Within hours of landing in Mumbai from the US, Tanushree Dutta was greeted with news that Aamir Khan has reversed his decision to not work with #MeToo accused director Subhash Kapoor on Mogul, a biopic on music baron Gulshan Kumar.
The superstar's reason behind his call — "I could not sleep at night because I used to feel that my actions have inadvertently caused a person, about whose guilt I have no idea, to lose his right to earn a livelihood" — earns a smirk from Dutta, who lived with her story of sexual harassment for a decade, before going public with it last year, thus opening the floodgates of the #MeToo movement in the country.

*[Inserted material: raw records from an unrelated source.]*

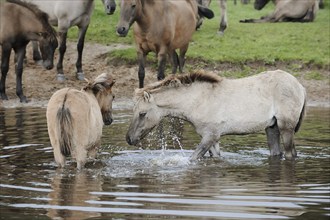 Dülmen wild horses in the water, Merfelder Bruch, Dülmen, North Rhine-Westphalia, Germany, Europe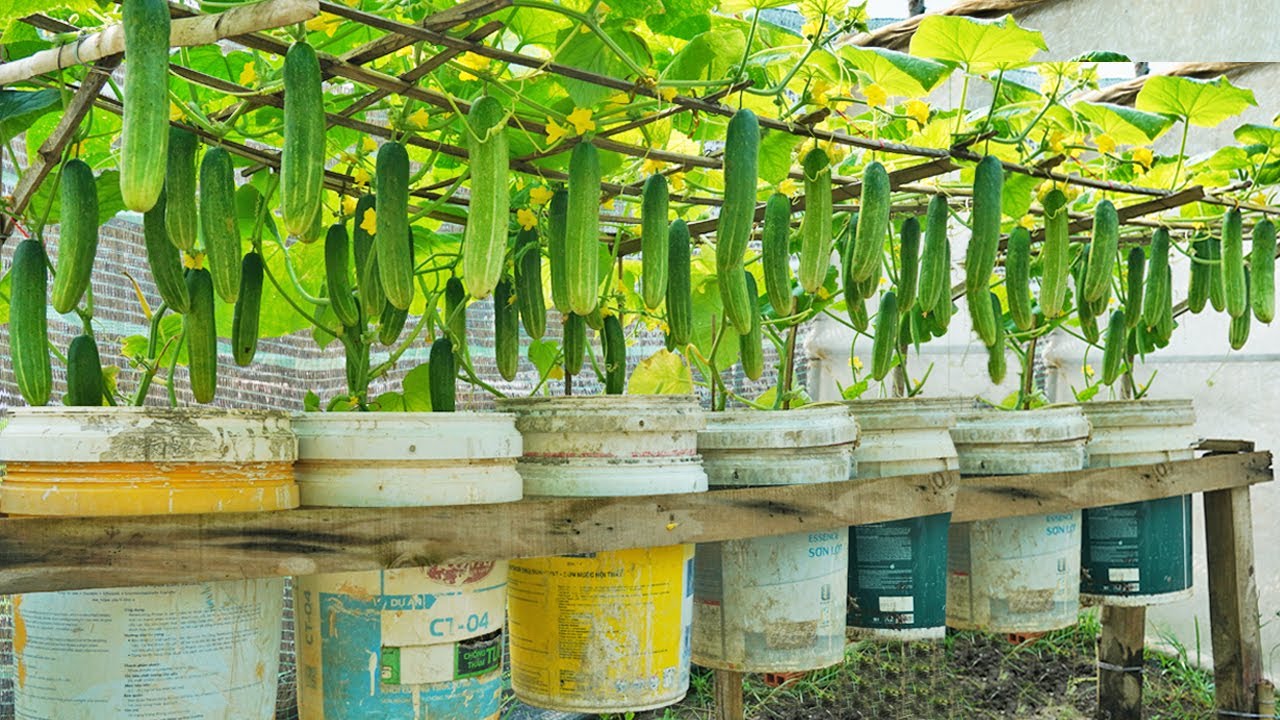 [Home Gardening] Tips for Growing Cucumbers at Home Harvest a Whole Sack  Without a Garden!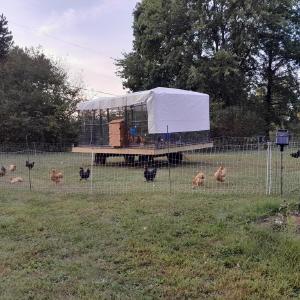 Growing By Faith Farm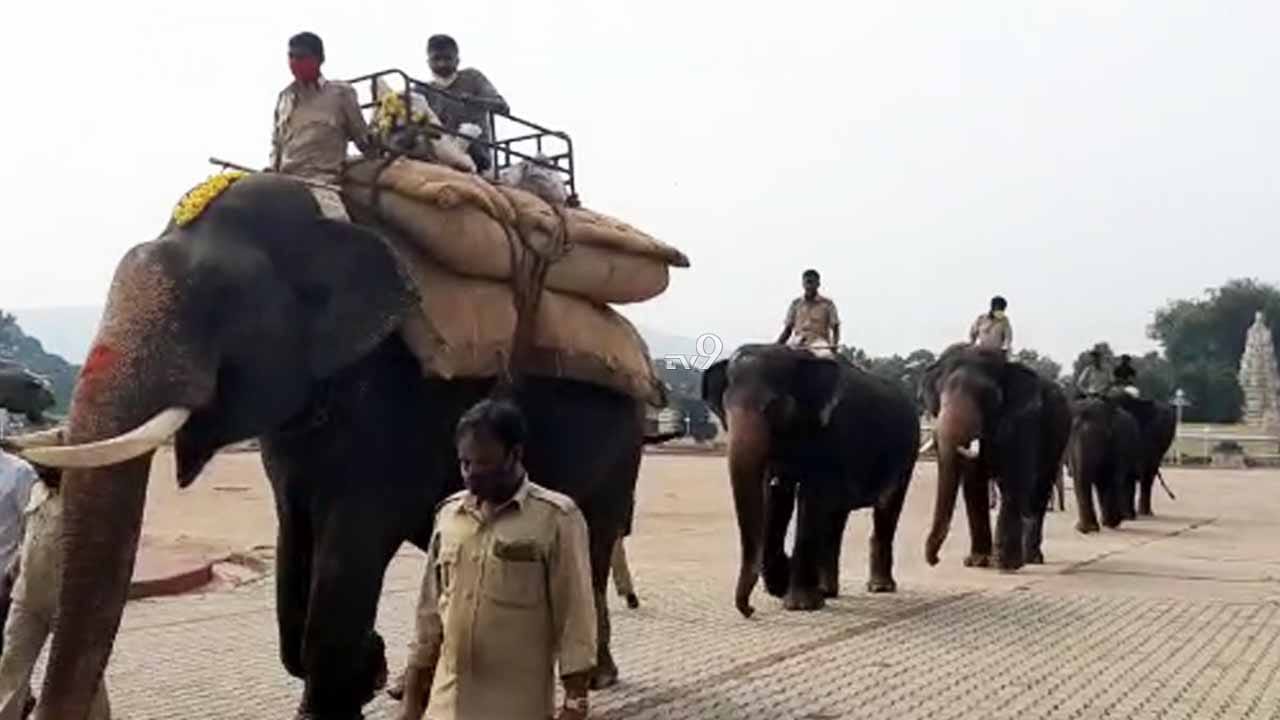 ಅರಮನೆ ಆವರಣದಲ್ಲಿಯೇ ನಡೆದ ಗಜಪಡೆಗೆ ಭಾರ ಹೊರಿಸುವ ತಾಲೀಮು ಅರಮನೆ ಆವರಣದಲ್ಲಿಯೇ ನಡೆದ ಗಜಪಡೆಗೆ ಭಾರ ಹೊರಿಸುವ ತಾಲೀಮು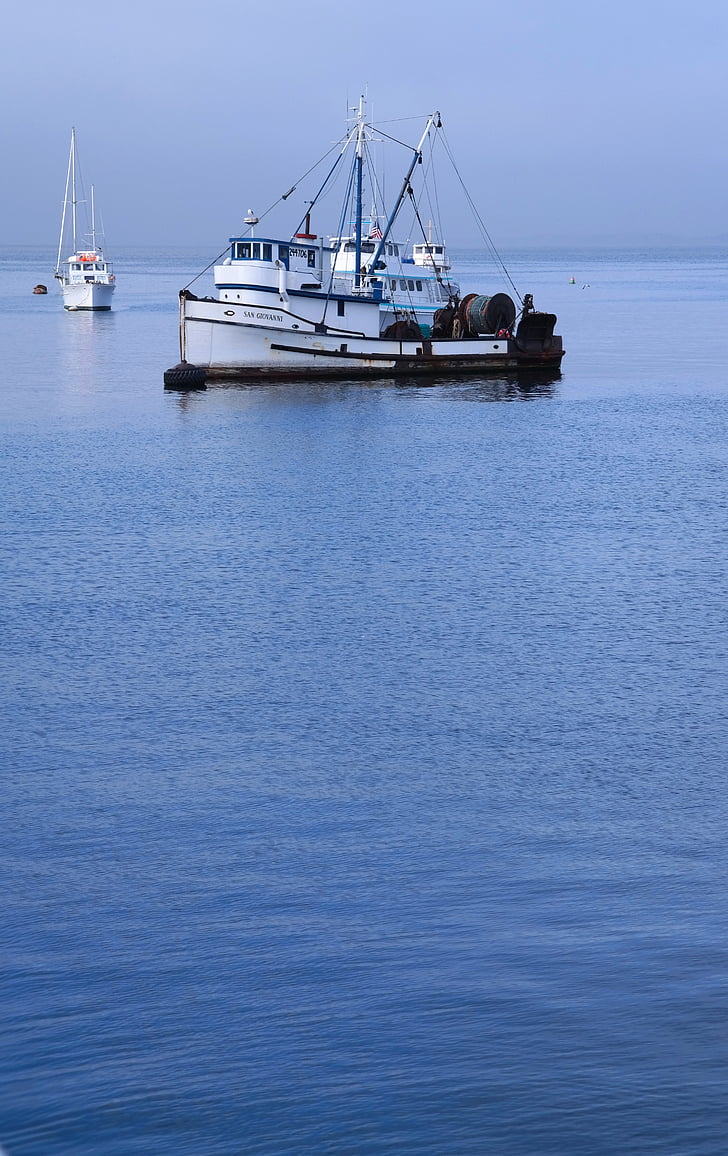 Port, vody, prístrešok, Monterey bay, loď, USA, Kalifornia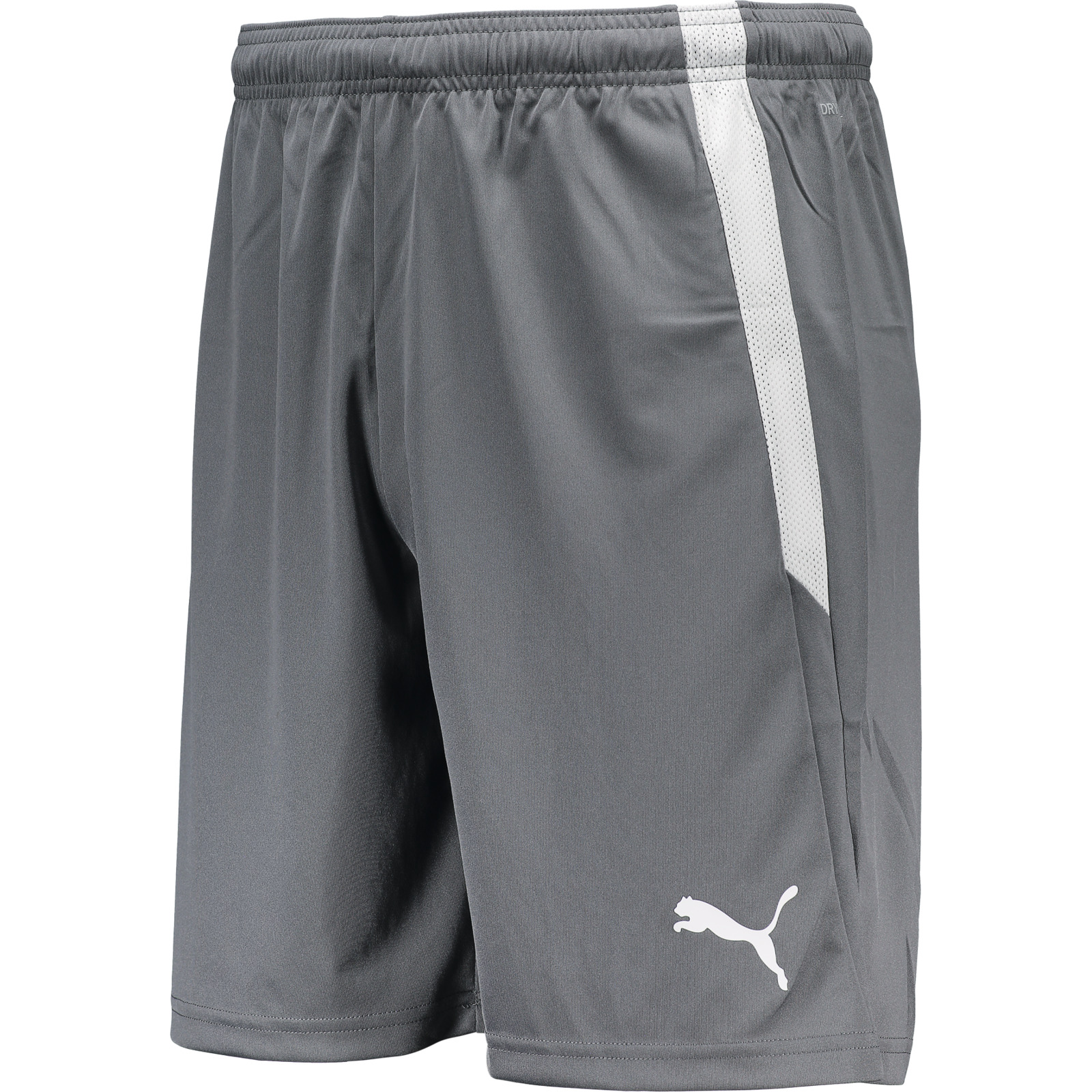 Puma Herren-Shorts team Liga S, grau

"How come nobody in Bollywood has sleepless nights when a woman becomes a victim of abuse and is not able to work due to the trauma and ostracisation," she questions, not afraid to call out the industry for its double standards.

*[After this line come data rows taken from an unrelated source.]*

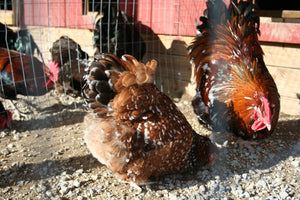 Older Jubilee Orpington Started Young Pullet Hens 7 to 8 Weeks Old Ready Now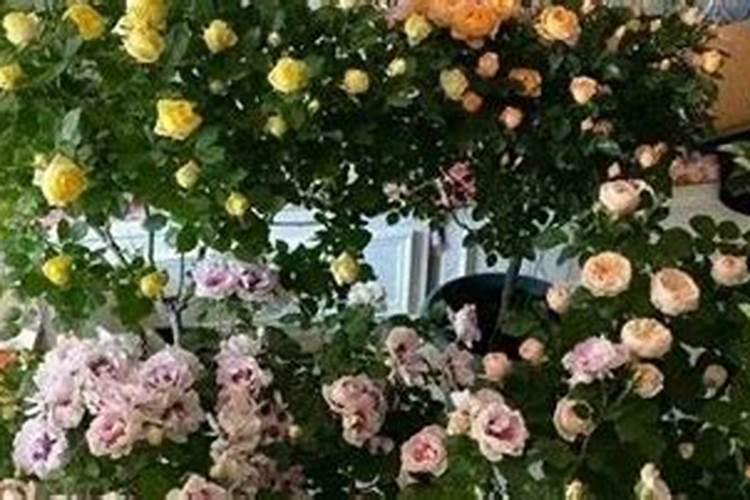 高钾肥有哪些？甜瓜在盛果期冲施高钾肥好不好？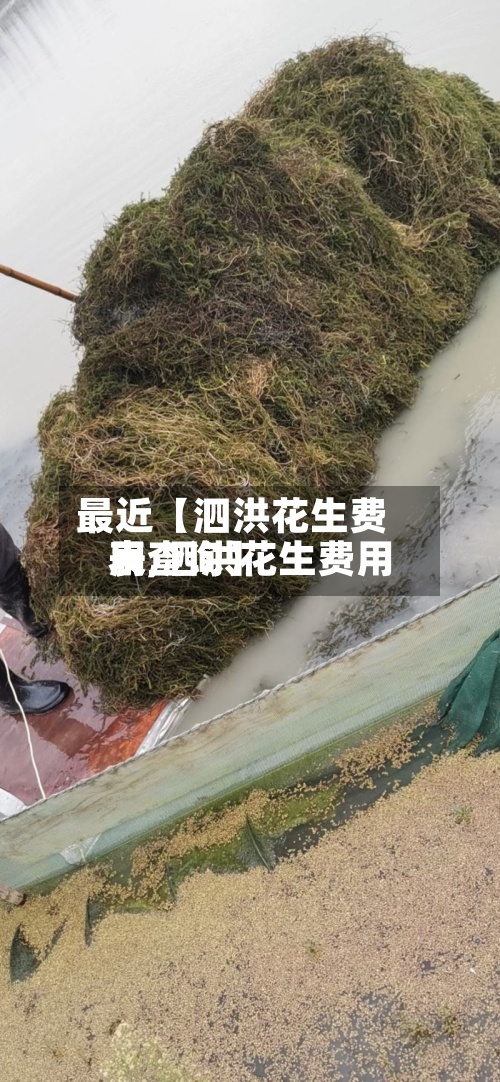 最近【泗洪花生费用
表,泗洪花生费用
表查询】-第2张图片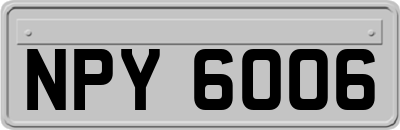 NPY6006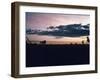 Dawn in the Australian Outback Finds a Stockman Trying to Calm His Rearing Horse-George Silk-Framed Photographic Print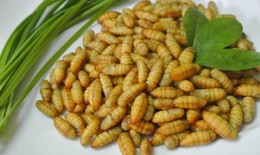 Con nhộng là vị thuốc chữa viêm dạ dày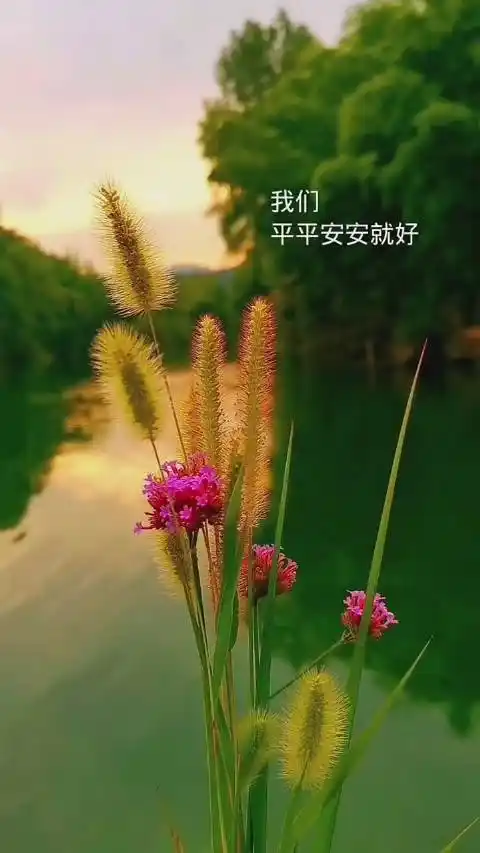 在无法预料的未来里我们平平安安就好愿没有疫情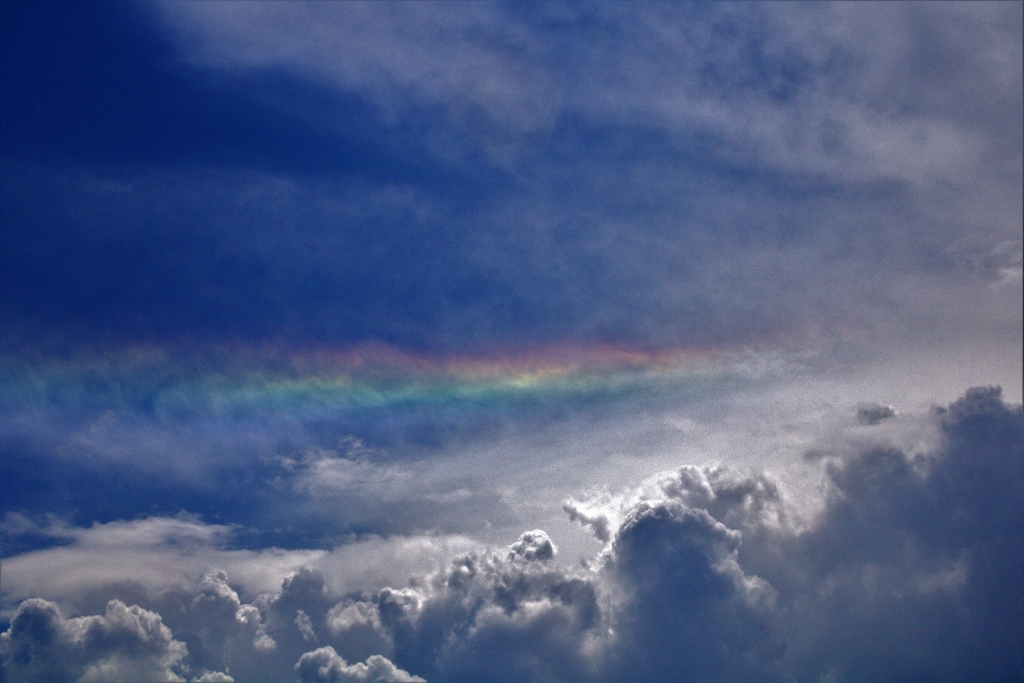 Entre las nubes, muchos colores
Un pequeño arcoíris producido por los rayos del sol, y las gotas de la lluvia que se aproximaba 
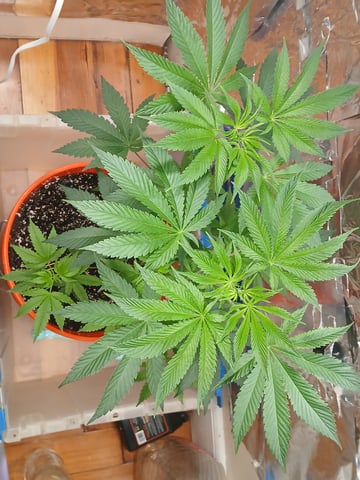 triangle kush  — vegetative, day 11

"If he has agreed to hire this guy [Kapoor], why not hire the woman [Geetika Tyagi] who suffered the consequences of his actions? Why do only the creepy men of Bollywood get compassion? Let the girls also see some of that saintly do-goodery."
In agreeing to work with a #MeToo accused, Dutta feels that Khan has defeated the purpose of the movement.
"It was to heal the wounds of those who have no validation from court for the injustices they bore. Compassion should be universal. If it's so selective as is being displayed by the Bollywood's bigwigs, then it's not compassion. It's convenience and ignorance. Nobody bothered to ask me how I was doing when my livelihood was snatched away after the Horn Ok Pleassss (2009) harassment episode. No compassion for me, Aamir?" Countering Khan's belief that one is innocent until proven guilty, the actor argues that only a survivor "understands the pain of having to see their perpetrators flourish while they wait for a court verdict that puts a stamp of approval on their complaint. If every alleged harasser gets reinstated, then the goal of an abuse-free workplace becomes a distant dream."